This may be for parasitic RLC reasons.

Dan.

I would suspect it's more for mass and heat transfer.

A parasitic coil made with 30 awg magnet, and dropped into the interstitial spaces of a round VC wire, would give half the pickup but really small mass. Thermally there'd be no real hit, and mass wise same thing.

For square wire, just do some turns in the middle of the VC, might require a gap increase though.

Both options do of course raise the possibility of capacitive coupling to the main coil, but by tying the pickup to the main as per my drawing earlier, you essentially remove all the capacitive coupling as it has the same potential. Capacitance only raises an issue if there is a time varying voltage difference between the windings.

Co-winding, there will only be the IR drop of the primary creating a voltage difference to the pickup.

John
 
If this approach is so inept, then why in Werner's work back in the late 1950's could distortion be reduced from over 20% to almost 2% using feedback from a bridge network?
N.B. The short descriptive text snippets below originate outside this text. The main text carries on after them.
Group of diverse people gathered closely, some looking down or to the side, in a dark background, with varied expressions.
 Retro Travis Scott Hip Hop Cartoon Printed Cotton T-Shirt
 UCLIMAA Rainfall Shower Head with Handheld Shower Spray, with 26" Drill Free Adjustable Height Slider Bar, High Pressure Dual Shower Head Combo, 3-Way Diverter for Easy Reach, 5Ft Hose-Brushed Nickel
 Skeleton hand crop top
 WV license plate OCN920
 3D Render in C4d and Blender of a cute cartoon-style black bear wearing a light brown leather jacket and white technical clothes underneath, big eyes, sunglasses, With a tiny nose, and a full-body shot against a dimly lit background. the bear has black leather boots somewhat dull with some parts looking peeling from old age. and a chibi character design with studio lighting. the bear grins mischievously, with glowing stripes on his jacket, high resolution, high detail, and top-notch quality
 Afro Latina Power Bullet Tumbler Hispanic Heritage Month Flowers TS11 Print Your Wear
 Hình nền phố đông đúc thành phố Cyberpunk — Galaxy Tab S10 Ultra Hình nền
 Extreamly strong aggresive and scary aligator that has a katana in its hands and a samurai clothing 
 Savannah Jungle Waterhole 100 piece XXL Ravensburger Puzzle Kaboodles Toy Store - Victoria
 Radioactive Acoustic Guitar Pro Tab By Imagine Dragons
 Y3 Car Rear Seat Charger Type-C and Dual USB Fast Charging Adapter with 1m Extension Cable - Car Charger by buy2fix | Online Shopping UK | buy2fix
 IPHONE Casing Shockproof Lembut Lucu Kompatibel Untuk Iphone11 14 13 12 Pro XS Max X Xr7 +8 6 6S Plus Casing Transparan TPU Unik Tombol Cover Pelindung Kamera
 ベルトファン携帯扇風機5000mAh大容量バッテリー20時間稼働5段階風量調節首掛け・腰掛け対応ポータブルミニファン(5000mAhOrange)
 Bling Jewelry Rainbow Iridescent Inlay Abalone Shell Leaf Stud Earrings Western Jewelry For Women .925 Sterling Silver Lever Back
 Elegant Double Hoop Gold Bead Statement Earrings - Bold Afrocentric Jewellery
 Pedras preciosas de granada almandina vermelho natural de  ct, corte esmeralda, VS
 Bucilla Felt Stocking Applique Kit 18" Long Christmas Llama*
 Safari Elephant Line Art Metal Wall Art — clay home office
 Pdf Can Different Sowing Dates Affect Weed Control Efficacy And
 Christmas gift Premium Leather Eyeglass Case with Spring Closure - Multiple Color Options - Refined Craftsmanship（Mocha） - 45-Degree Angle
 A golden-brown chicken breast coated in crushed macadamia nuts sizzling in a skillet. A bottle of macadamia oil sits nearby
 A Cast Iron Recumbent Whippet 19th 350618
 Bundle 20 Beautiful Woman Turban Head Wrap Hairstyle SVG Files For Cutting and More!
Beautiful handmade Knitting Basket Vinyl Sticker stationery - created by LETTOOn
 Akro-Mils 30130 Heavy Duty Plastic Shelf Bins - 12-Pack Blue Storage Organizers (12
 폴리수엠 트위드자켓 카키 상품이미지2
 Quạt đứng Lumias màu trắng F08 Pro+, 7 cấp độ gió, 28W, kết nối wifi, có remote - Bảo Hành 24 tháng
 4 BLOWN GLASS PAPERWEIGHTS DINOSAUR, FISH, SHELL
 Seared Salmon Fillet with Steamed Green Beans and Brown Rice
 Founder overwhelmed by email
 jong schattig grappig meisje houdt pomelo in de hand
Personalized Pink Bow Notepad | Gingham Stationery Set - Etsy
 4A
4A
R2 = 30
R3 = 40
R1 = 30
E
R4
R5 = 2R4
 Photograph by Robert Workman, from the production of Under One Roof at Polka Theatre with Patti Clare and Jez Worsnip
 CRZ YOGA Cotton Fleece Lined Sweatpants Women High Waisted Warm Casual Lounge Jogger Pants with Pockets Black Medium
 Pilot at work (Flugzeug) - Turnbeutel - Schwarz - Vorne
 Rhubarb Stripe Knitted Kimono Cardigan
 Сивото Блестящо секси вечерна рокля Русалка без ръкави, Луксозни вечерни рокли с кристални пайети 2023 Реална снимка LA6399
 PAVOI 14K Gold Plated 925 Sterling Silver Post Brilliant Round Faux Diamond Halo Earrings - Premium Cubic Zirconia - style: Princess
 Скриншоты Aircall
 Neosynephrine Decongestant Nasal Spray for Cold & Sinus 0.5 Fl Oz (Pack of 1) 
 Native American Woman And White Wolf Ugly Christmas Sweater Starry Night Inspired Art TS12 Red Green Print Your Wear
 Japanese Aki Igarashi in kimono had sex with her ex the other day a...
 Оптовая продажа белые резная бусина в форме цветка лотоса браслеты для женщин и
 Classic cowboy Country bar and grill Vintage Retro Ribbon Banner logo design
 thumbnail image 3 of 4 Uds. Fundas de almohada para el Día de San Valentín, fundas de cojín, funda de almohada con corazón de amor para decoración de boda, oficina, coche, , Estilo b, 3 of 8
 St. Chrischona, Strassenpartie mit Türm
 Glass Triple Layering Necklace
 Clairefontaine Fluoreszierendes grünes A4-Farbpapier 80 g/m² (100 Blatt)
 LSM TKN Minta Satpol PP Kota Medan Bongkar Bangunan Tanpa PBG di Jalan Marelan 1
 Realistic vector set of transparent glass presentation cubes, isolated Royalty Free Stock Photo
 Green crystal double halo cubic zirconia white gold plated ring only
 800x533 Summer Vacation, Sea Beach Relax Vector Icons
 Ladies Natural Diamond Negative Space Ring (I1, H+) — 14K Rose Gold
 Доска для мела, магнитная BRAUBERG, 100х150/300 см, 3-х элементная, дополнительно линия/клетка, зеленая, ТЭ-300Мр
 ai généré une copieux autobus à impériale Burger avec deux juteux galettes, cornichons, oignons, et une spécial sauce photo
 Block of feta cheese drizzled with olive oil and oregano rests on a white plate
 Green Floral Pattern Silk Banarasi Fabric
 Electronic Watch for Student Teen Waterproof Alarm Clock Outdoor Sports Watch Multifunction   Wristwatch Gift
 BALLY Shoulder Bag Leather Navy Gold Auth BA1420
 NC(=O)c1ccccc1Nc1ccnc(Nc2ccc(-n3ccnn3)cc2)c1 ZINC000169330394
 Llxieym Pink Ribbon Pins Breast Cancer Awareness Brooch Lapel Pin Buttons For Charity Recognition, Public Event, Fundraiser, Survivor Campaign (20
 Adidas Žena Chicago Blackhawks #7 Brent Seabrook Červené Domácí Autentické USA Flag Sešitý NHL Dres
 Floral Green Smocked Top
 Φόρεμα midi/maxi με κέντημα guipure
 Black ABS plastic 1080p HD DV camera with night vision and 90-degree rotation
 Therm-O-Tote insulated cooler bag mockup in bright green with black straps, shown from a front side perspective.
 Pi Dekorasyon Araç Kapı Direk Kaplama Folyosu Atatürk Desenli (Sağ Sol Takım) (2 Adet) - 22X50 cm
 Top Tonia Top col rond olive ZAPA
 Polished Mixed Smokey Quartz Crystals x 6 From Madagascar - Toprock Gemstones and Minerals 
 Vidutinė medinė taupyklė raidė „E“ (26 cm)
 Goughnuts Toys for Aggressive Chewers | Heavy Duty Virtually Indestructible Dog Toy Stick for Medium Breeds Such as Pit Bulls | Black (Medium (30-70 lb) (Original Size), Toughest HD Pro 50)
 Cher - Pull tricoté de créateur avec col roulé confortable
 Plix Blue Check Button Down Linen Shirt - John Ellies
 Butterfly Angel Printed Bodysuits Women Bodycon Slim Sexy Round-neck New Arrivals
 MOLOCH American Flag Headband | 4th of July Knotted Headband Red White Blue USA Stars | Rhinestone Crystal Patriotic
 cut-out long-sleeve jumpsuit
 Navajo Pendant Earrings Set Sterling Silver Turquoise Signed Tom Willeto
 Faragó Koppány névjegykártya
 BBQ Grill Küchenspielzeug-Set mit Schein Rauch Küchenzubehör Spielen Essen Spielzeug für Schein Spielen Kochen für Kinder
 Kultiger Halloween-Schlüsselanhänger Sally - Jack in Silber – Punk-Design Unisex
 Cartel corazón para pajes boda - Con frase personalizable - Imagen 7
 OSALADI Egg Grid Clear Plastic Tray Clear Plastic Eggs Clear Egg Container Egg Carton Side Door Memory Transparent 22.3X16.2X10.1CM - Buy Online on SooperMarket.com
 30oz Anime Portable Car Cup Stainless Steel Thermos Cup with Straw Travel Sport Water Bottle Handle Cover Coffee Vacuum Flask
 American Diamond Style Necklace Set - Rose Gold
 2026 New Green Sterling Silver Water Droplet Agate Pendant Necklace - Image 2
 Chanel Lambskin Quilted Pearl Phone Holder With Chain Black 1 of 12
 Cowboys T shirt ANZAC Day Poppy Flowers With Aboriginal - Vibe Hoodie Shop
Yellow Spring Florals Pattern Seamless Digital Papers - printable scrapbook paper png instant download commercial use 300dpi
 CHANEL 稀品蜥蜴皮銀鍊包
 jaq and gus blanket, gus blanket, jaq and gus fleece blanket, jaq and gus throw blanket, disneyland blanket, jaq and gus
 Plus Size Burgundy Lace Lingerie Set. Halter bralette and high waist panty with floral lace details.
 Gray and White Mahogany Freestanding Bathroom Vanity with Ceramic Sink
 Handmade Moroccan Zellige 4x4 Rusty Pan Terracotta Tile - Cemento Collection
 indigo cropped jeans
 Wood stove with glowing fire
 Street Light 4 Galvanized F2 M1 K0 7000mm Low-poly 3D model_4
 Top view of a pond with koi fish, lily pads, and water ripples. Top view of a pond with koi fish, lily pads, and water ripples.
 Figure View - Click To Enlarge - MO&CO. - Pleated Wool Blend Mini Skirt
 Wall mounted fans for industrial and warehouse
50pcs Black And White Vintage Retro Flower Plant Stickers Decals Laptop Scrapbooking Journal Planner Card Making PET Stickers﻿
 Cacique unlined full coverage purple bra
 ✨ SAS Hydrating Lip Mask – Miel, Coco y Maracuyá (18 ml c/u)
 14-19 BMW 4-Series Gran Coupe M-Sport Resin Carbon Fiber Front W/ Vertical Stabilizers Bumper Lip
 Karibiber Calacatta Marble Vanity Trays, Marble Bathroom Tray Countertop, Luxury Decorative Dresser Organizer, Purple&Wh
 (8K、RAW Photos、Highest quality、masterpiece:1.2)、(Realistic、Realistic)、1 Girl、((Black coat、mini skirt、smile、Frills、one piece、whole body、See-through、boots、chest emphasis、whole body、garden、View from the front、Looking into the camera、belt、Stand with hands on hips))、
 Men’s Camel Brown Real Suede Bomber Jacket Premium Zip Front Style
For example see starting on page 193 (page 13 of the pdf):
http://www.mif.pg.gda.pl/homepages/...onics_1958/1958_11_AWV_Radiotronics_23_11.pdf

For an example of the bridge I am describing see Figure 2 on page 7 of this document:
http://aerosmart.umd.edu/TechPubs/pratt_1.pdf

The title of the article is "Negative Source Impedance.... etc." Sensing current to create a negative output impedance has been discussed many times it has a pitfalls due to coil heating etc. and is prone to stability problems especially if the net resistance goes negative. There is a lot of material on this if one searches.

The bridge in effect would work at null to completely remove the back emf, think of no input and pushing on the cone, a sufficiently powerful amplifier would do whatever it could to prevent the cone from moving.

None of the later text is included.